In other words, they will affect the way we all live.
It's about time, said Eric Uram, Great Lakes program director of the Sierra Club.
"If we're going to find solutions," he said, "we're going to have to stop relying on the next generation to find the solutions."
Whether it runs out of a factory or off the farm or lawn, Uram said: "Pollution comes from demand for products. We are the consumers who demand certain things sometimes only because they're marketed to us. We have to be more aware of the total footprint of what that product does in its creation, use and disposal."
We have ignored, he said, the value of the things we can't live without - air and water.
"Society sees as measures of success having a $50,000 suburban utility vehicle that gets 10 miles to the gallon and having a huge house that costs more to cool than most people pay for house payments," Uram said. "Those are status symbols. That's part of the error of our ways. We need to change what status is."
Lawns of little help
Sometimes, it doesn't look as if change is in the air.

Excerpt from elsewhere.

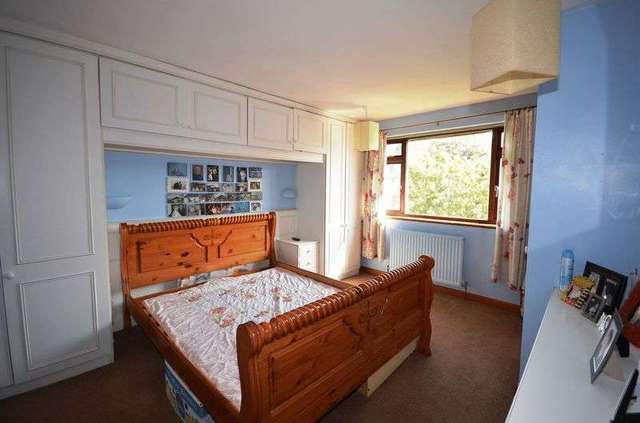  Image of 5 bedroom Detached house for sale in Forge Close Cronton Widnes WA8 at Forge Close  Widnes, WA8 5HJ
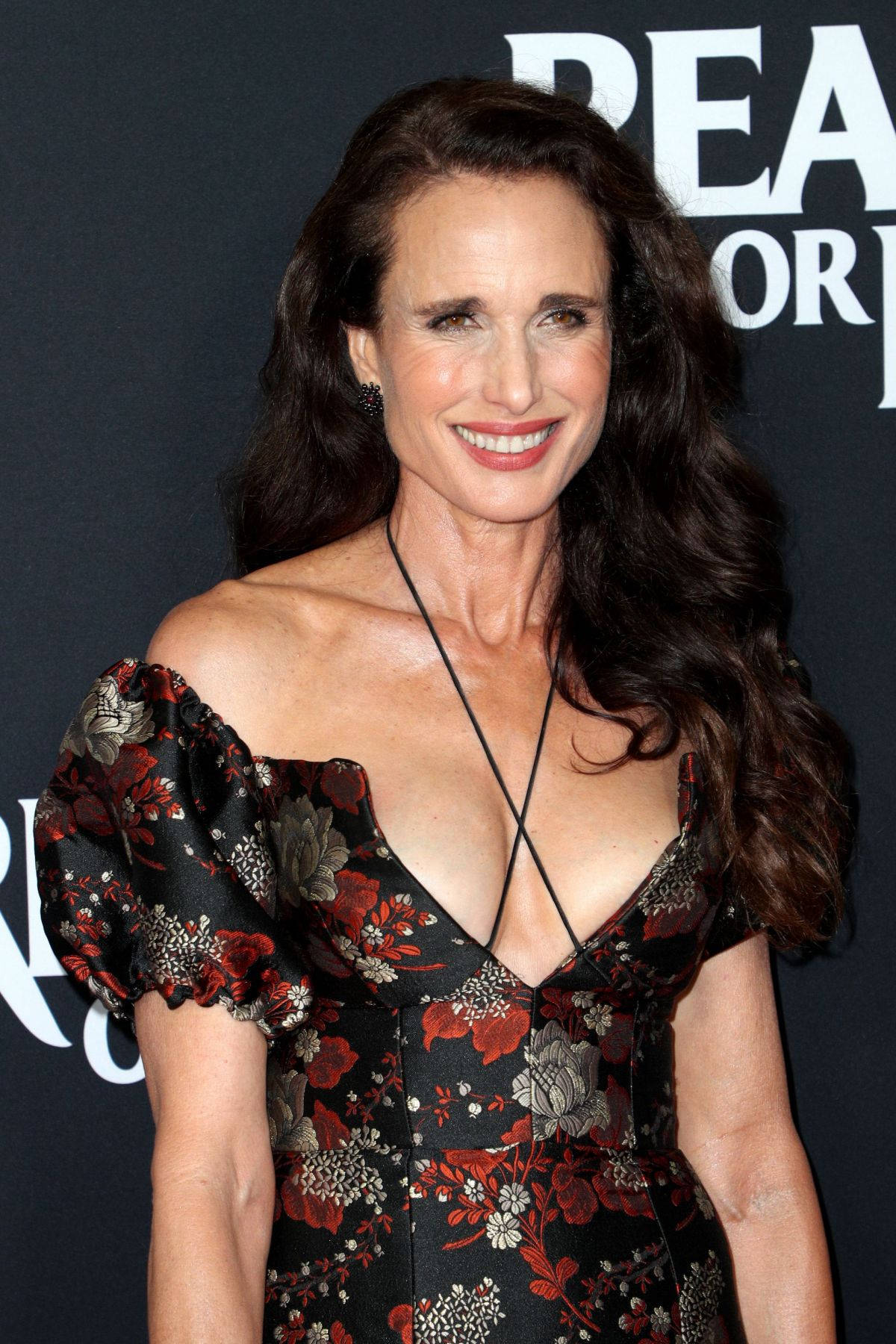 Andie Macdowell Becky Le Domas Ready Or Not Wallpaper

Researchers studying water quality in 47 small streams in southeastern Wisconsin between the 1970s and the 1990s found that runoff from urban sprawl, which is on the rise in Wisconsin, was no less serious than that from farmland, which is shrinking.
"The surprise was that some of those streams got even worse as farmland got converted to suburbs," said John Lyons, a research scientist with the DNR.
After no more than a 10% increase in impervious surface in the watershed, the researchers noticed that fish species dropped sharply. Often, the number of species present - a sure sign of water quality - was cut in half.
Lyons and fellow researchers, whose study was published last October in the Journal of the American Water Resources Association, suspect that pavement is the culprit.
In this case, pavement is defined in the broadest terms, meaning not only asphalt, macadam, concrete and roof shingles, but also lawns, with their shallow-rooted systems lying over soil compacted by heavy machinery.
For example, a soccer field, added to one development for runoff control and recreation, proved to be almost no help in slowing runoff.
Increasing "pavement," Lyons said, had two effects - more flooding and less groundwater.